Materials

Dissolution and preliminary work

  1. Collect your samples and dry them.
  2. On a semi-micro balance, weigh one 13 ml test tube (cap on) and record its weight.
  3. Tare the test tube and add ~100 mg of sample using a Teflon spatula. Record the actual sample weight to five decimals. Replace the cap and label tube with sample name.
  4. Carefully add 2 ml of Chlorox bleach and replace the cap. Allow to soak overnight.
  5. Dilute with ultra pure DI water. Centrifuge the test tube. Decant the Chlorox solution. Repeat 3 more times.
  6. Add 0.5 ml of high-purity HNO3 and 9.5 ml of DI water. Let react until fizzing stops.
  7. Shake to mix.
  8. Weight the test tube with the solution in it. A) Total weight - tube weight = solution weight. B) Solution weight / sample weight = dilution factor #1.
  9. Allow particles to settle at least one day.

Internal standard solution

  1. Fill a clean 100 ml volumetric flask half full with DI water.
  2. Add 7 ml of high-purity HNO3.
  3. Add to the flask 0.1 ml each of the 1000 μg/g (ppm) stock solutions of Rh, In, Re, and Bi.
  4. Fill the flask to volume and transfer to a clean storage bottle. Internal standard concentrations are 1 ppm.

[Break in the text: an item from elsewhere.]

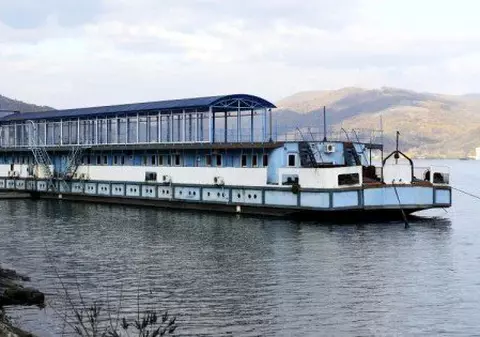 INVESTIGAȚIE GSP. Câţi bani a investit Federaţia Română de Canotaj în nava Tismana: ”S-a băgat aproape un milion de euro. Bani aruncați pe fereastră!”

Example trace element standard, concentrated solution

Element Stock bottle concentrations (ppm) ml of stock solution used, diluted to 100 ml Solution 1 concentration (ppm) ml of solution 1 used, diluted to 50 ml to make solution 2 Solution 2 concentration (ppb)
Al 1000 1 10 0.5 100
Mn 1000 1 10 100
Fe 1000 5 50 500
Co 1000 0.05 0.5 5
Zn 1000 0.2 2 20
Cu 1000 0.1 1 10
Sr 1000 1 10 100
Ba 1000 1 10 100
Pb 1000 0.1 1 10
Solution 1 is made in a 100 ml volumetric flask, solution 2 is made in the 50 ml autosampler tube.
  1. Fill a clean 100 ml volumetric flask half full with DI water.
  2. Add 7 ml of high-purity HNO3.
  3. Add to the flask the volumes of 1000 μg/ml (~ppm) stock solutions indicated in the green region of the table above.
  4. Fill the flask to volume and transfer it to a clean storage bottle. This is standard solution 1.

Diluting solution

Half fill a clean one-liter liter bottle with DI water. Add 14 ml of high purity HNO3, and 10 ml of the internal standard solution, and mix. This is the diluting solution. You don't need to use a volumetric flask. The important thing is that all samples are the same, not that the concentrations are exactly known.

Calibrate the pipettes

  1. Take the 0.5 ml pipette and the 10 ml pipette set to 9 ml. Use one sample and determine the weight of 1 ml of this sample. Use the 10 ml pipette to determine the weight of 9.5 ml of the diluting solution. They will not be exactly 0.5 and 9.5 g, respectively; do not worry.
  2. Diluting solution weight + sample solution weight / sample solution weight = dilution factor #2.
  3. Use these pipettes exclusively in doing the dilutions below.

Dilute the samples

  1. Take 0.5 ml from the particle-free top of a sample solution with the 0.5 ml pipette and put it in a new, labeled 13 ml test tube.
  2. Add 9.5 ml of the diluting solution, and shake.

Dilute the standards

  1. Transfer 0.5 ml of the standard solution 1 to a 50 ml autosampler tube.
  2. Add 50 ml of the diluting solution.
  3. Add 0.5 ml of the 1000 μg/ml (~ppm) stock Fe solution, and mix.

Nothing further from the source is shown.